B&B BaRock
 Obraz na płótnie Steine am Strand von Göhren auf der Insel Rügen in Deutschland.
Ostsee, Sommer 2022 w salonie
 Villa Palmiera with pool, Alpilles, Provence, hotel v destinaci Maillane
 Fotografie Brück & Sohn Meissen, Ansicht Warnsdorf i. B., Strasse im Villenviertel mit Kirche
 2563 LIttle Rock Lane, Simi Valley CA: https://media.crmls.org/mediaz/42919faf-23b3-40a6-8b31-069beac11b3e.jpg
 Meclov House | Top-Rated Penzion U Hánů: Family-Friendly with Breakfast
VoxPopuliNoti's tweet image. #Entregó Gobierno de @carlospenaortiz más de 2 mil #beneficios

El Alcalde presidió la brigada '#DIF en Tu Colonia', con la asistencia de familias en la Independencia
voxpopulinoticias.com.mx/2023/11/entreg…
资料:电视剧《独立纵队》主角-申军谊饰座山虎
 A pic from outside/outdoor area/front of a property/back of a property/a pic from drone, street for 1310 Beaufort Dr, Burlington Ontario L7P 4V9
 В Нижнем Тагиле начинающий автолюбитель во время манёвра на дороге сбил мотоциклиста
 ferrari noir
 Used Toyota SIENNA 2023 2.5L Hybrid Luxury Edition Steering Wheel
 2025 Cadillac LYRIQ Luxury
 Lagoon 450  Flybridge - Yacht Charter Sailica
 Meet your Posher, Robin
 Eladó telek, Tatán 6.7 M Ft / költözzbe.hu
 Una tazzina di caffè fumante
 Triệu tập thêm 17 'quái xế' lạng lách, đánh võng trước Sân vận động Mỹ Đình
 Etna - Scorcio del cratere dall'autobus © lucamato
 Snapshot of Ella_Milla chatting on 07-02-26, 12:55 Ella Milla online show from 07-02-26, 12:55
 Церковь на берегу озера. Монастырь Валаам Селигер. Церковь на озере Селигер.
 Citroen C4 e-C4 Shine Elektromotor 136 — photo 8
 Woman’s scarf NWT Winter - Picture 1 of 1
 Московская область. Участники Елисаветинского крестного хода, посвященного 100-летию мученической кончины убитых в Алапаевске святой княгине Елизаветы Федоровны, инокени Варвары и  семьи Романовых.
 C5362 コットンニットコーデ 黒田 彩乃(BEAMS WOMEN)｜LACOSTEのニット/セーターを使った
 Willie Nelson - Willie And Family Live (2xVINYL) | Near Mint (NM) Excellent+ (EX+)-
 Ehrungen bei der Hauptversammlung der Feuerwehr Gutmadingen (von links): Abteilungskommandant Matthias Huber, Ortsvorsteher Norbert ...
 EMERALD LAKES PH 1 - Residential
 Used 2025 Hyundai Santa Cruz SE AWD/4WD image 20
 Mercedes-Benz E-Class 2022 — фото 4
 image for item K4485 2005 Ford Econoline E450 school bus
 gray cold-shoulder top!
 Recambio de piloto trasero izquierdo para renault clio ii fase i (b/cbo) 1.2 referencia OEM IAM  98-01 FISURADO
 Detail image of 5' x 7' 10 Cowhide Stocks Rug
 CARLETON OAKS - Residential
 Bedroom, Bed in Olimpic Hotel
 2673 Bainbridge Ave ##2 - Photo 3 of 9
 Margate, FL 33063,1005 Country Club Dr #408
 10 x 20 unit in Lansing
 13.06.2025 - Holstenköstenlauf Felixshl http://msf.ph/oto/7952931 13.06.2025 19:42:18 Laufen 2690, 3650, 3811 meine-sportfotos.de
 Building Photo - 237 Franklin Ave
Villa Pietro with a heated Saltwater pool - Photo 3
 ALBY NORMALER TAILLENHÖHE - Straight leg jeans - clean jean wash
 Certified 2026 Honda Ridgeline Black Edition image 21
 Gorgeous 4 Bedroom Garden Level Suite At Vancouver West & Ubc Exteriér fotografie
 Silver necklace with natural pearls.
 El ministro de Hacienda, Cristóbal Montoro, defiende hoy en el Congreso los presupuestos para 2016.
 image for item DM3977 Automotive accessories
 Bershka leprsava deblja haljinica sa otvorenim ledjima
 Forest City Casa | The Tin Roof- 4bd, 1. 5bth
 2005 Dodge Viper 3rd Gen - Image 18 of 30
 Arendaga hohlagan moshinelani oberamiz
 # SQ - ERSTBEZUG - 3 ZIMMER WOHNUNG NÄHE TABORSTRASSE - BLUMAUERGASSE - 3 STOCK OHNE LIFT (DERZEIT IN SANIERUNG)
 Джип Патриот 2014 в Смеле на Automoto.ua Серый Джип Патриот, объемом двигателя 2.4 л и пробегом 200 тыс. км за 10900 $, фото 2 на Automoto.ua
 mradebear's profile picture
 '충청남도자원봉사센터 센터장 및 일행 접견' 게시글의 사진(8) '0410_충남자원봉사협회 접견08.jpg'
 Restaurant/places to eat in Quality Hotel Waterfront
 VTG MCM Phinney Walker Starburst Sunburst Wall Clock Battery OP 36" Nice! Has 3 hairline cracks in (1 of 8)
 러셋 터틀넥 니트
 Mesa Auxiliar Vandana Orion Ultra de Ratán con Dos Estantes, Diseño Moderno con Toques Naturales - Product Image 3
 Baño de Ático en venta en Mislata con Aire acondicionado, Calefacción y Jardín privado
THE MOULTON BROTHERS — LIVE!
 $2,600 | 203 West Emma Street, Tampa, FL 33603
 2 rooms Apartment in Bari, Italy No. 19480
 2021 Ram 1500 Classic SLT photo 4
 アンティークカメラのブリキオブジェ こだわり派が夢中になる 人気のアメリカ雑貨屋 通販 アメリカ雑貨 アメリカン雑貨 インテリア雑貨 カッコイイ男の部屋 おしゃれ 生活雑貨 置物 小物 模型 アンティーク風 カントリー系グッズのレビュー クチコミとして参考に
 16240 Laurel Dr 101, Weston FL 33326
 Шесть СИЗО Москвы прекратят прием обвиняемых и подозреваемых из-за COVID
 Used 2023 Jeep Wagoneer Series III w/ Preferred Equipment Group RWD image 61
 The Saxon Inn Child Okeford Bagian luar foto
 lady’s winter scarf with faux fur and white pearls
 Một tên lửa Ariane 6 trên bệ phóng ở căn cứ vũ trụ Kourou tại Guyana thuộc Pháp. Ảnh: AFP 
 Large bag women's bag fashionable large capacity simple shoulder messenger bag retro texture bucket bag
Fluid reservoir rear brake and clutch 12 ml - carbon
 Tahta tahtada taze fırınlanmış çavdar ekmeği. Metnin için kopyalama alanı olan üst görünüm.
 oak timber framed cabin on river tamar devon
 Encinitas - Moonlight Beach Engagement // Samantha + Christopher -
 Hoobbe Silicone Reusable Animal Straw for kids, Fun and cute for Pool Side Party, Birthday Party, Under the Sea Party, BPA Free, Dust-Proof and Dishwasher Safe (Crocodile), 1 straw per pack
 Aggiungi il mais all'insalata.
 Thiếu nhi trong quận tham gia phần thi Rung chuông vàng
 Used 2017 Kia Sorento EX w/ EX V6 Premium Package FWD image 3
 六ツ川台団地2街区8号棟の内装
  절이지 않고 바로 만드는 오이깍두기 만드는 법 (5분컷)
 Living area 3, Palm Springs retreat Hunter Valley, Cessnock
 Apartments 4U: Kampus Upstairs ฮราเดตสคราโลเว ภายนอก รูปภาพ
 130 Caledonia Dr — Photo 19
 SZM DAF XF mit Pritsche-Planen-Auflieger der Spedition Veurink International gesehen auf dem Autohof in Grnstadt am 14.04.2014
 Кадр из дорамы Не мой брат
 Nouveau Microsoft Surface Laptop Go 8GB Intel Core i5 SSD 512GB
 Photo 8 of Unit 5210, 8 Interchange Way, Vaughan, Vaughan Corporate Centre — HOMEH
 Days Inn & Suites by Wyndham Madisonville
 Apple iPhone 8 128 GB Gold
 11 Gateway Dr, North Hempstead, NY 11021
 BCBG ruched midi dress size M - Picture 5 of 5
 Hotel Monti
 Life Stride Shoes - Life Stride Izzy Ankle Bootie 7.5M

■ WORK TO BE COMPLETED ■
Your answer should be the lines of the listing above between the line holding "Eladó telek, Tatán 6.7 M Ft / költözzbe.hu" and the line holding "Snapshot of Ella_Milla", inclusive, restated word for word and alone.

■ EXERCISE RESULT ■
 Eladó telek, Tatán 6.7 M Ft / költözzbe.hu
 Una tazzina di caffè fumante
 Triệu tập thêm 17 'quái xế' lạng lách, đánh võng trước Sân vận động Mỹ Đình
 Etna - Scorcio del cratere dall'autobus © lucamato
 Snapshot of Ella_Milla chatting on 07-02-26, 12:55 Ella Milla online show from 07-02-26, 12:55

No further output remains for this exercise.